У меня было ощущение, что наш грузовик движется на восток, и мне не удавалось от него отделаться даже тогда, когда стало совершенно ясно, что мы едем на запад, вглубь территории Оргорейна. Наше подсознание, помогающее ориентироваться в пространстве, реагируя на магнитные поля, совершенно не справляется с этой задачей на чужих планетах. Если же интеллект не может или не хочет корректировать эти ошибки и погрешности, следствием их является глубокая дезориентация и ощущение, что буквально все рассыпается.
Ночью умер один из находящихся в грузовике людей. Очевидно, его били палкой или пинали ногой в живот, потому что он умер от кровотечения изо рта и из заднего прохода. Никто ничем ему не помог, да и вряд ли можно было помочь ему чем-либо. Втиснутый между нами пластиковый контейнер с водой уже на протяжении многих часов был пуст. Умирающий лежал справа от меня. Я положил его голову к себе на колени, чтобы ему было легче дышать. Так он и умер. Мы все в этом грузовике были обнажены, но с этого времени на мне была его кровь — сухой, жесткий, бурый покров, одеяние, не согревающее меня, не дающее тепла.

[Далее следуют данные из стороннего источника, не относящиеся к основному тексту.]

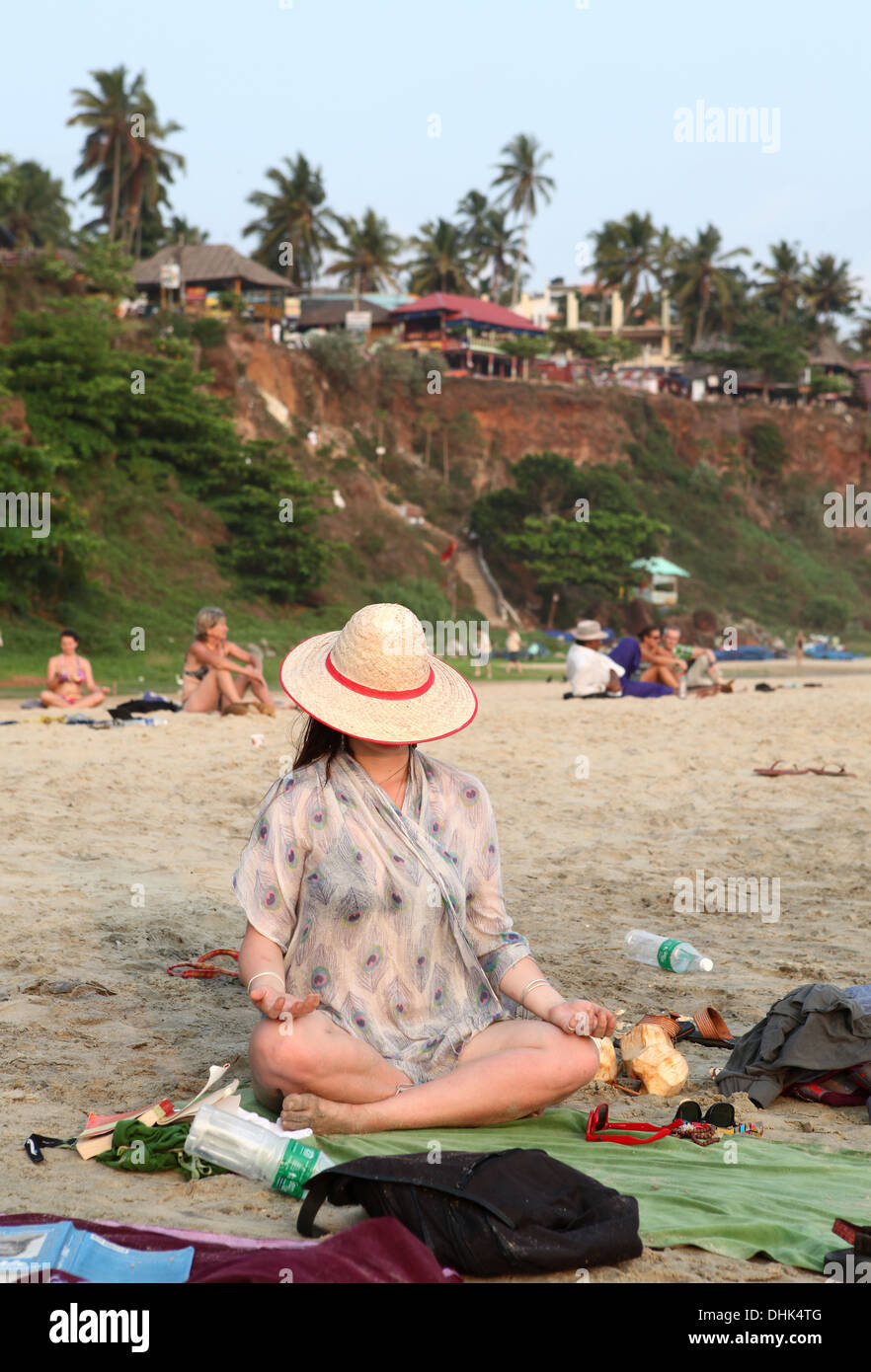 Giovane donna in una posizione di meditazione sulla spiaggia di Varkala,Kerala, India Foto Stock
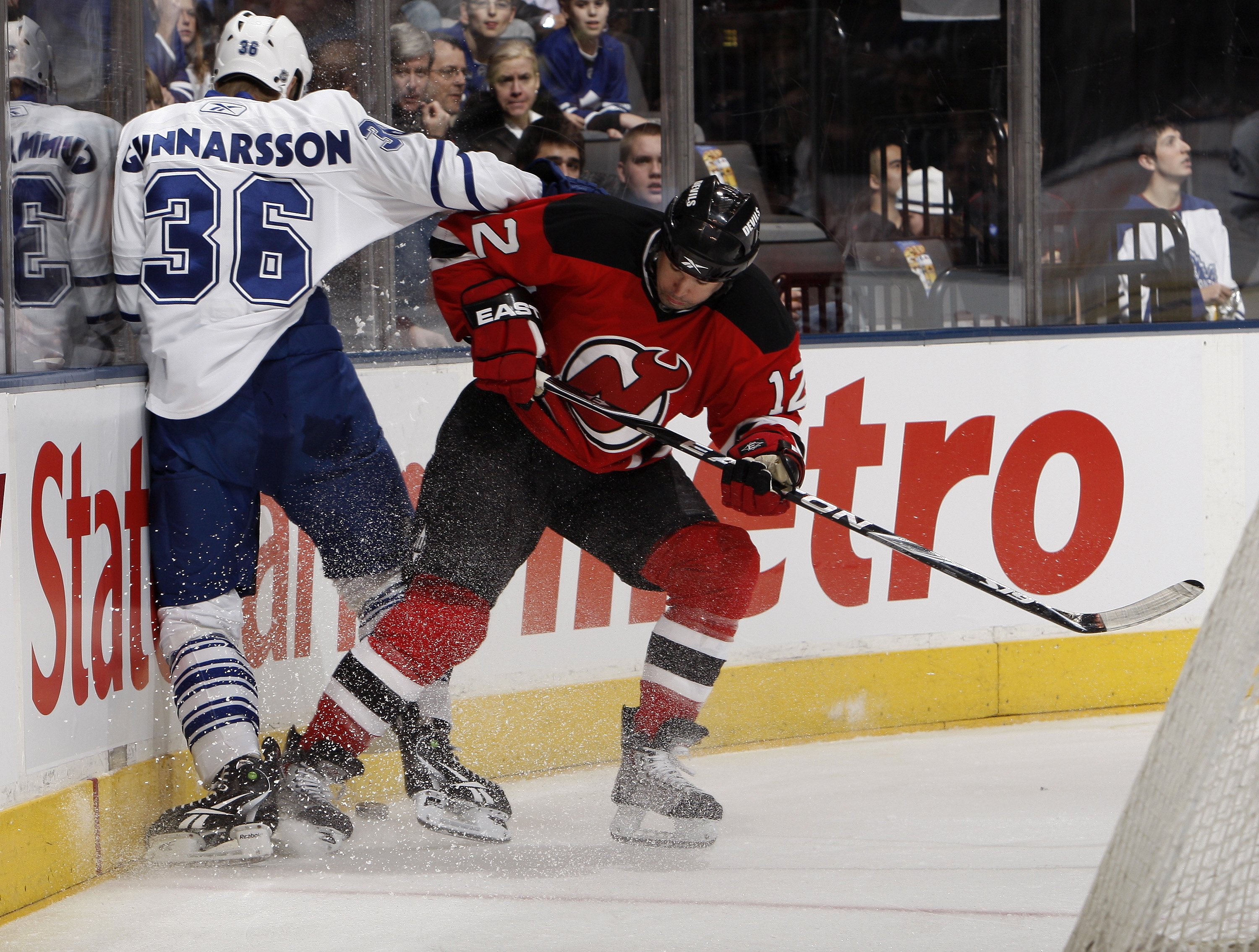 TORONTO - FEBRUARY 2: Carl Gunnarsson #36 of the Toronto Maple Leafs runs into Brian Rolston #12 of the New Jersey Devils during game action on February 2, 2010 at the Air Canada Centre in Toronto, Ontario, Canada. (Photo by Abelimages/Getty Images)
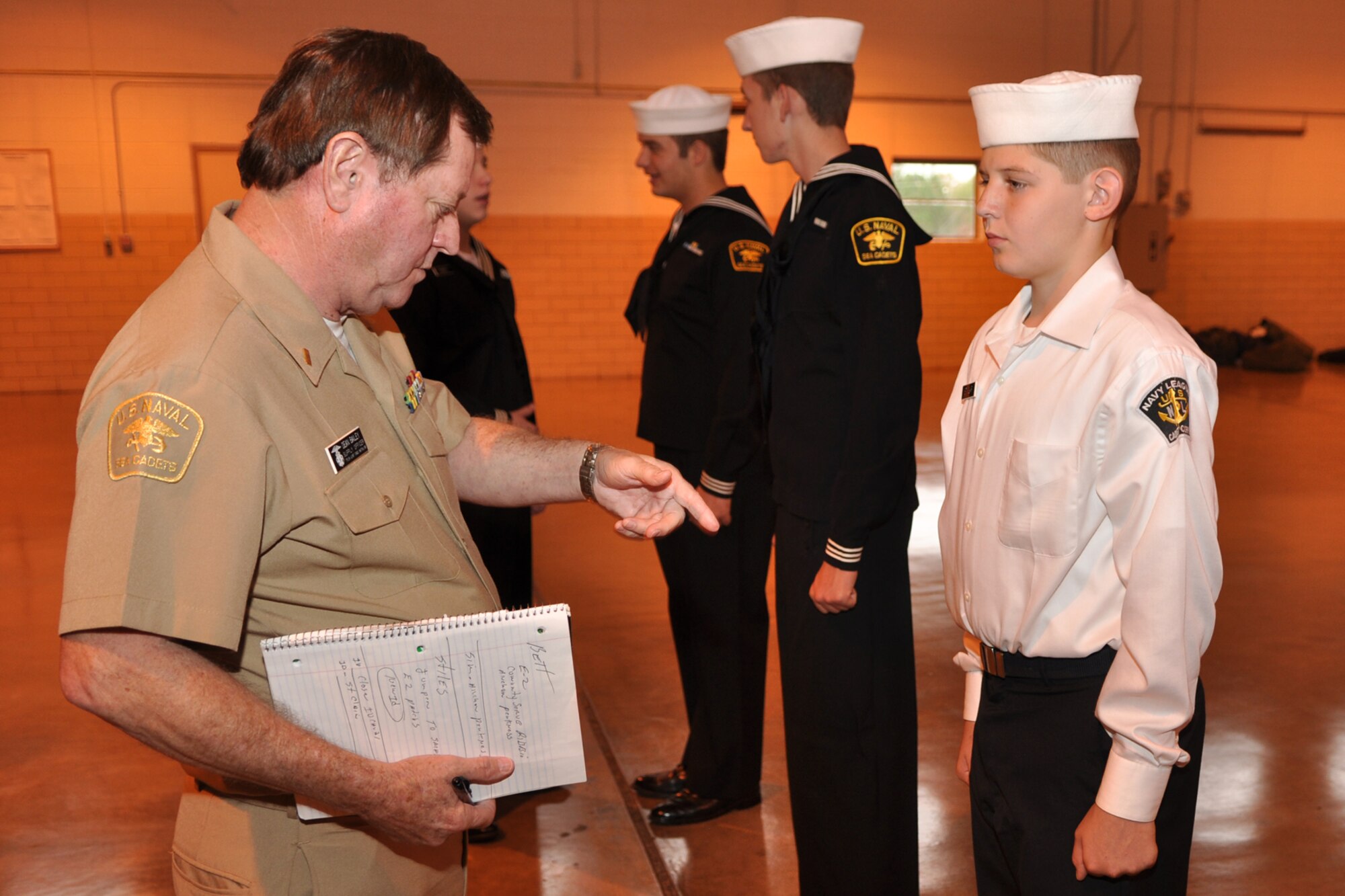 Ensign Dean Bailey, supply officer, U.S. Naval Sea Cadet Corps, Tyler Joint Force Battalion, inspects the dress uniform of U.S. Navy League Cadet Corps cadet Paul St. Clair during the drill weekend for the Tyler Joint Force Battalion at the US Army National Guard Armory in Tyler, Texas, November 21, 2009. The TJFB cadets are preparing for a U.S. Flag Retirement Ceremony at the American Legion Post 12 in Tyler. Early next year, the cadets plan to retire more than 100 flags that have been collected by various organizations and individuals. The ceremony is used to promote American Heritage and provide a Community service by honorably disposing of worn United States Flags. (Courtesy photo)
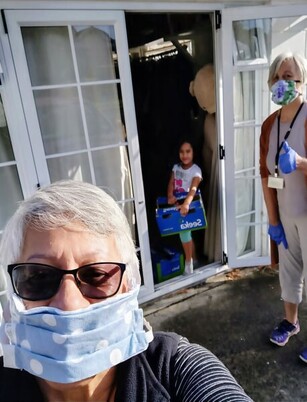 Nga Kakano staff deliver groceries to family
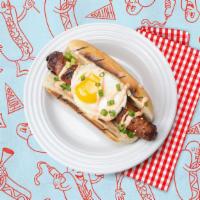 The Rise N' Shine Dog · Bacon wrapped dog topped with a fried egg, scallions, and sriracha mayo on a bun.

Ночью стало невыносимо холодно, и нам пришлось сбиться в тесную кучу, сгрудиться, как стаду, чтобы согреться. Покойник, уже не будучи в состоянии поделиться с нами теплом своего тела, был вытолкнут и отъединен от группы. Все же остальные, тесно сгрудившись, всю ночь тряслись и дрожали в едином ритме. Внутри стальной коробки была абсолютная темнота. Мы, по-видимому, находились на какой-то сельской дороге, и не было слышно никаких других машин за нами. Даже прижавшись лицом к сетке, не удавалось разглядеть хоть что-нибудь — снаружи были только темнота и снег. Снег падающий, снег свежевыпавший, снег старый, снег, на который пролился дождь, смерзшийся снег… В орготском и кархидском языках каждая из этих разновидностей снега имеет свое название. В кархидском (который я знаю лучше, чем орготский), по моим подсчетам, существует шестьдесят два слова для обозначения разновидности снега падающего и отдельный набор слов — для характеристики разновидностей льда. Существует более двадцати слов, дающих одновременно определение для сочетания нескольких факторов — температуры, силы ветра и вида осадков. Этой ночью я сидел и пытался мысленно составить список этих слов-определений. Как только я вспоминал новое определение, я повторял весь перечень, помещая новое слово в перечень согласно алфавиту.
На рассвете грузовик остановился. Люди стали через щель в дверях кричать, что у нас появился покойник и что его надо от нас забрать. Каждый раз начинал кричать кто-нибудь другой. Мы все вместе колотили кулаками в стены и двери кузова, производя такой адский шум в стальной коробке, что сами с трудом его выносили. Никто не приходил. Грузовик простоял без движения несколько часов. Наконец снаружи раздались какие-то голоса, грузовик закачался, колеса забуксовали на льду, и мы двинулись дальше. Сквозь щель в дверях можно было заметить, что снаружи — позднее солнечное утро, скоро полдень и едем мы по дороге, вьющейся между лесистыми холмами.
Так мы ехали еще трое суток, всего четверо суток, если считать от моего пробуждения. Наш грузовик не останавливался на контрольных пунктах и, по-моему, ни разу не проезжал через хоть чем-то примечательную местность. Путешествие наше было неритмичным, не шло по какому-то точному расписанию. Были остановки для смены водителей и подзарядки аккумуляторов. Были какие-то другие, более длительные остановки, причины которых, находясь внутри грузовика, определить было невозможно. На протяжении двух дней мы стояли от полудня до сумерек, как будто все, кто не был заперт в кузове, внезапно оставили наш грузовик, а потом мы снова отправились в путь, уже ночью. Один раз в день, около полудня, через окошечко в дверях нам выдавали большую посудину с водой.
Если считать и покойника, нас было двадцать шесть человек, как раз дважды по тринадцать. Гетенцы часто считают по тринадцать, по двадцать шесть и пятьдесят два, несомненно, это связано с двадцатишестидневным лунным циклом, который соответствует их неизменяющемуся месяцу и равен длительности их полового цикла. Труп был отодвинут к стальным дверям, которые образовывали заднюю стенку нашей коробки, где мы были заперты. Там было холоднее всего. Остальные узники сидели, лежали или сидели на корточках, каждый на своем соответственном месте, крохотной собственной территории, в своем домене до наступления ночи, когда холод становился настолько нестерпимым, что все постепенно сбивались в единое целое, занимающее уже одно общее место, где было тепло внутри и холодно снаружи.